### DATA LISTING
= = = = =
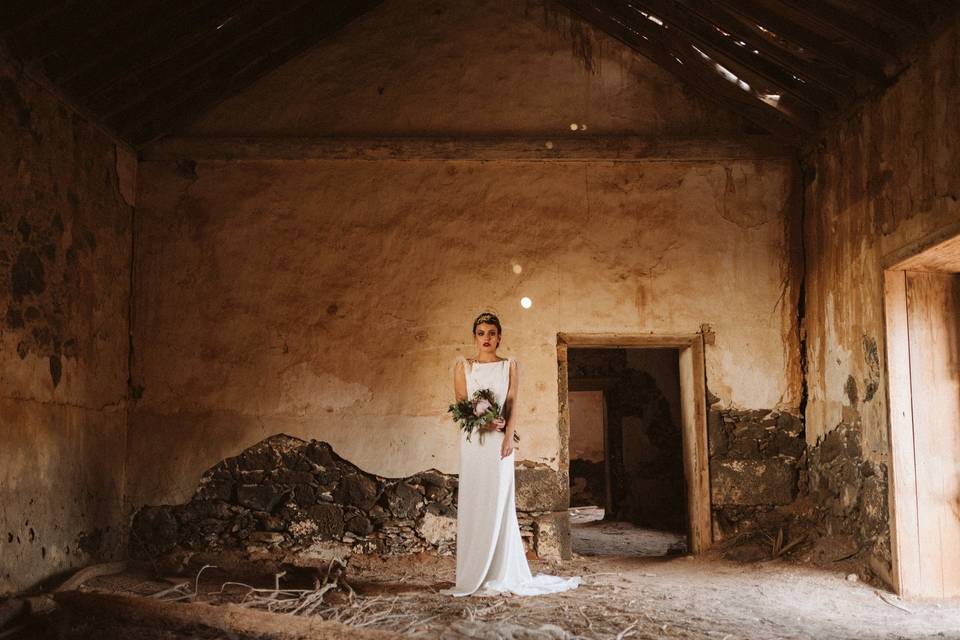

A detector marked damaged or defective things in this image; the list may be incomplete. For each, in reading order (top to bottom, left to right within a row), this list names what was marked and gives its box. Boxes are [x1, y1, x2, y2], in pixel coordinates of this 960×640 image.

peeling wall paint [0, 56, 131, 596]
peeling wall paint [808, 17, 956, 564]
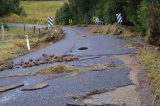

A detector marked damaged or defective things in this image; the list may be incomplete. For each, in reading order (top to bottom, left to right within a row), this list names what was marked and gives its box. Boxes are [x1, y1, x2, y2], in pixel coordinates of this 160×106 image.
= = = = =
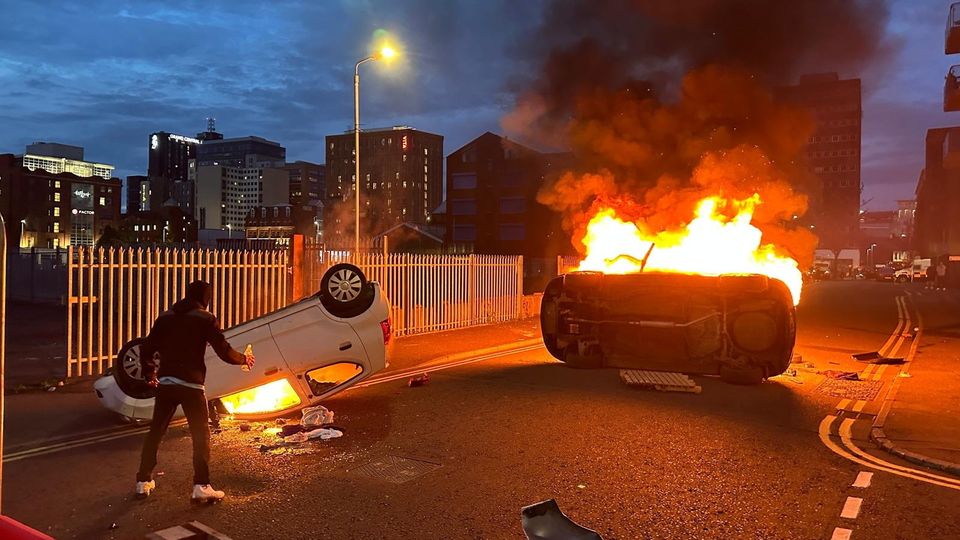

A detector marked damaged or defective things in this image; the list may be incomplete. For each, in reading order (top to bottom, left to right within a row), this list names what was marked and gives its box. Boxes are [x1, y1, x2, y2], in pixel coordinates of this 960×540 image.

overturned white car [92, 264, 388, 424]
= = = = =
### TRY IT
Your answer should be the exact lines above from the one containing "this 960×640 image." through the one containing "this 160×106 image.", with both end lines kept and the pictures removed, please.

### RESULT FOR THIS EXERCISE
A detector marked damaged or defective things in this image; the list may be incomplete. For each, in reading order (top to bottom, left to right within a row), this list names what was marked and gives its box. Boxes are [x1, y1, x2, y2], in pixel coordinates of this 960×640 image.

peeling wall paint [0, 56, 131, 596]
peeling wall paint [808, 17, 956, 564]

A detector marked damaged or defective things in this image; the list may be incomplete. For each, in reading order (top to bottom, left to right within a row), this list names what was marked and gives its box. Boxes are [x1, y1, x2, y2], in pixel coordinates of this 160×106 image.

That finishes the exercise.